Iwatched Celeste leave, too ashamed to call after her.

But not so far up my own ass I didn't make sure she got inside her car.

I wiped my hands over my face as she drove off, trying to ground myself enough to think clearly.

The buzz I'd embraced only a few minutes ago was now an aggravating blocker.

It had all spiraled so quickly. At the beginning of the night, I'd convinced myself I had a handle on everything, that the drinking wasn't a reactionary response to all my disappointment, but a celebration of my choosing to be my own person.

The look of hurt in Celeste's eyes was a stab to the chest. The tension and pain lodged inside, burning as it melted.

My immediate instinct was to call one of the guys.

Ask them to pick me up and help me sober up in time to drive across town and pick up the set pieces.

But as soon as I unlocked my phone, I hesitated to pull up anyone's contact. It was past midnight, and they’d been firm on their stance of how I should have handled my failure this summer.

I couldn't stomach another disappointment from people I knew wouldn't give up on me (no matter how much they should).

Frustration at every single decision I'd made to get to this point boiled to the surface. Why did I come here tonight?

I knew Celeste wanted to leave. I knew that hours ago. She'd been so patient.

Something in me needed to prove I could still live life if hockey weren't on the table. I needed a good enough distraction, so I didn't sit and ruminate on everything I'd ruined.

I hadn't left because the noise and drinking were the pause button I needed on life. And a small part of me, a part that seemed to feed off my budding insecurity, wanted to show Celeste who I really was. How careless I could be, just so she completely understood what she was getting into.

So she had a reason to leave you. So you didn't have time to screw it up any more than you already have because you're not worth it. You're a lost cause.

The thought began as a whisper, expanding with every second that ticked by. I was doing it again, self-sabotaging when things had started to get good. Ruining something that was working because of a belief that'd attached itself to me over a decade ago.

"Shit," I breathed out, trying to contend with my growing headache and the knowledge that this is a cycle I've built and fed into.
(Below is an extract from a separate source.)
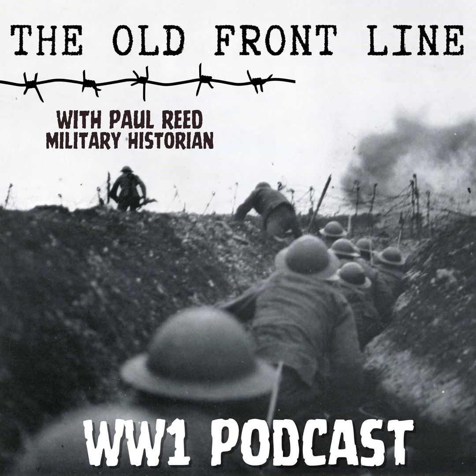You've been listening to an episode of the Old Front Line with me, military historian Paul Reid. Do take time to subscribe via your favourite podcast service. Tell us what you think using the hashtag Old Front Line. You can follow me on Twitter at SOMCOR, and the podcast has its own Twitter feed at oldfrontlinepod. Have a look at the podcast website, oldfrontline.co.uk. Until we meet again along the old front line.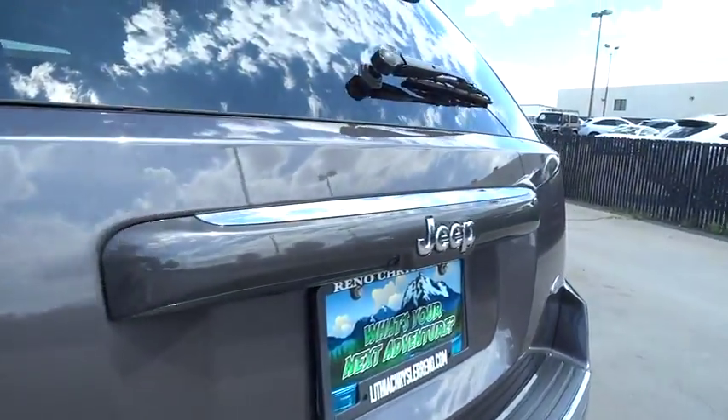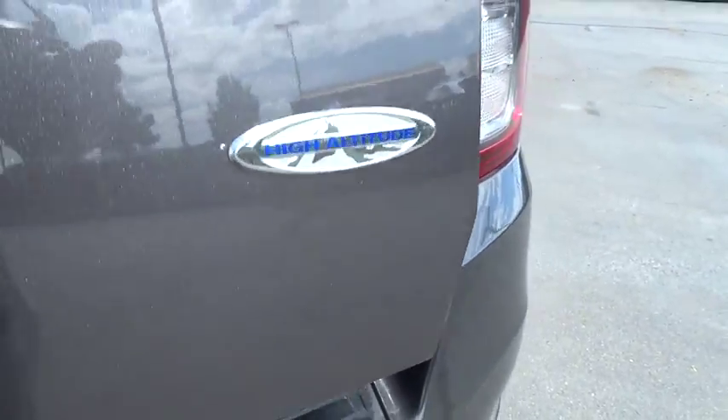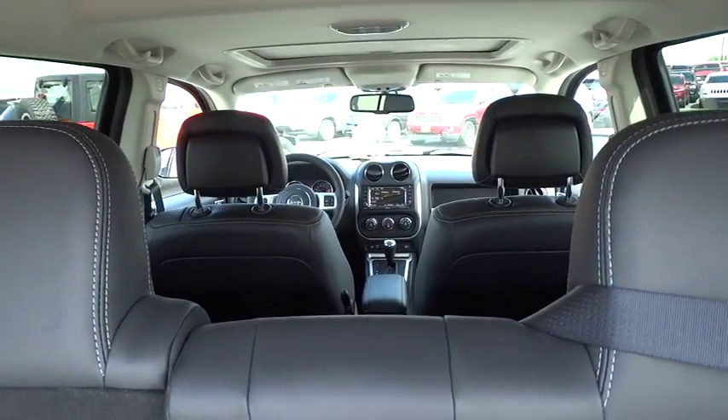Here are some of this vehicle's great options: remote engine start, navigation system, keyless entry, four-wheel drive, backup camera, Bluetooth, leather-wrapped steering wheel, power steering.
And when everyone in my life mentioned it to me, I ignored them. Convinced them, with hollow words, I could maintain control.

I didn't know how to fix myself, but that wasn’t the top priority tonight. The sets were. Celeste was. She'd given me every ounce of her trust, and I'd tucked it into the back of my mind, forgetting it was the most valuable thing I possessed.

Without wasting another second, I pulled up navigation on my phone and typed in the nearest gas station.

Thankfully, the campus was close, which meant the most essential places were within walking distance.

I alternated between jogging and walking, acutely aware of the ticking clock.

The opening show was today at three PM. That meant I had fifteen hours to pick up the set pieces in the next town over, drive back to Tinsel, figure out how to get the keys to the playhouse, transfer everything inside, and put it all together before the curtain rose.

Exhausting but not impossible…for a sober person. For a drunk asshole? Time would tell.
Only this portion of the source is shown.